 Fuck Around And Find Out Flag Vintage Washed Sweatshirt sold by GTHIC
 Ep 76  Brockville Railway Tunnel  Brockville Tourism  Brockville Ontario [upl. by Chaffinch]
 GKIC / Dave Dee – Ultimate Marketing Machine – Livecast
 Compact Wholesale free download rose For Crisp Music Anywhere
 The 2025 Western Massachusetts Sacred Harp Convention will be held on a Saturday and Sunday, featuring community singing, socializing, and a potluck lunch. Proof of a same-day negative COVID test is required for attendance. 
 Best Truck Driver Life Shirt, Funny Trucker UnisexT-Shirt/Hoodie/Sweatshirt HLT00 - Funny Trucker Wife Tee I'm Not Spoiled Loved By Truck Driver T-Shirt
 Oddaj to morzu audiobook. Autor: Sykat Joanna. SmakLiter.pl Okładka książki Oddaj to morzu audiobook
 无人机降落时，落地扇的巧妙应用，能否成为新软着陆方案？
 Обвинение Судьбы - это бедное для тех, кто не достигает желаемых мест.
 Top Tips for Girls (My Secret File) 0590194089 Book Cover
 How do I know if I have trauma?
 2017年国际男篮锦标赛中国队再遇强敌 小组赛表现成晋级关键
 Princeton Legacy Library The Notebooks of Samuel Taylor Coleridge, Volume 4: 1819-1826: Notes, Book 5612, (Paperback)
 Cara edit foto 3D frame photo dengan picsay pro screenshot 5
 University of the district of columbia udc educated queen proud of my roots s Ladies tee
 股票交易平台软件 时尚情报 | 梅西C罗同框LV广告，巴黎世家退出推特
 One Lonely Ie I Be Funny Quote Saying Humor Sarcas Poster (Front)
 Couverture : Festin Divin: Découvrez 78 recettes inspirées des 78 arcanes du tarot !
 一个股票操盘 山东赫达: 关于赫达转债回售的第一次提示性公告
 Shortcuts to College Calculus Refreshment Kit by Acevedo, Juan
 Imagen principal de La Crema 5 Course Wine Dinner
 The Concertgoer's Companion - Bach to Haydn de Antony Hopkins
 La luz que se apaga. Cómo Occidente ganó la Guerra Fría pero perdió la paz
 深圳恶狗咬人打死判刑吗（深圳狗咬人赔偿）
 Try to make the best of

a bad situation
------------------------------
◆ What is needed ◆
The answer must be a word-for-word reproduction of every record above.

◆ Response ◆
 Fuck Around And Find Out Flag Vintage Washed Sweatshirt sold by GTHIC
 Ep 76  Brockville Railway Tunnel  Brockville Tourism  Brockville Ontario [upl. by Chaffinch]
 GKIC / Dave Dee – Ultimate Marketing Machine – Livecast
 Compact Wholesale free download rose For Crisp Music Anywhere
 The 2025 Western Massachusetts Sacred Harp Convention will be held on a Saturday and Sunday, featuring community singing, socializing, and a potluck lunch. Proof of a same-day negative COVID test is required for attendance. 
 Best Truck Driver Life Shirt, Funny Trucker UnisexT-Shirt/Hoodie/Sweatshirt HLT00 - Funny Trucker Wife Tee I'm Not Spoiled Loved By Truck Driver T-Shirt
 Oddaj to morzu audiobook. Autor: Sykat Joanna. SmakLiter.pl Okładka książki Oddaj to morzu audiobook
 无人机降落时，落地扇的巧妙应用，能否成为新软着陆方案？
 Обвинение Судьбы - это бедное для тех, кто не достигает желаемых мест.
 Top Tips for Girls (My Secret File) 0590194089 Book Cover
 How do I know if I have trauma?
 2017年国际男篮锦标赛中国队再遇强敌 小组赛表现成晋级关键
 Princeton Legacy Library The Notebooks of Samuel Taylor Coleridge, Volume 4: 1819-1826: Notes, Book 5612, (Paperback)
 Cara edit foto 3D frame photo dengan picsay pro screenshot 5
 University of the district of columbia udc educated queen proud of my roots s Ladies tee
 股票交易平台软件 时尚情报 | 梅西C罗同框LV广告，巴黎世家退出推特
 One Lonely Ie I Be Funny Quote Saying Humor Sarcas Poster (Front)
 Couverture : Festin Divin: Découvrez 78 recettes inspirées des 78 arcanes du tarot !
 一个股票操盘 山东赫达: 关于赫达转债回售的第一次提示性公告
 Shortcuts to College Calculus Refreshment Kit by Acevedo, Juan
 Imagen principal de La Crema 5 Course Wine Dinner
 The Concertgoer's Companion - Bach to Haydn de Antony Hopkins
 La luz que se apaga. Cómo Occidente ganó la Guerra Fría pero perdió la paz
 深圳恶狗咬人打死判刑吗（深圳狗咬人赔偿）
 Try to make the best of

a bad situation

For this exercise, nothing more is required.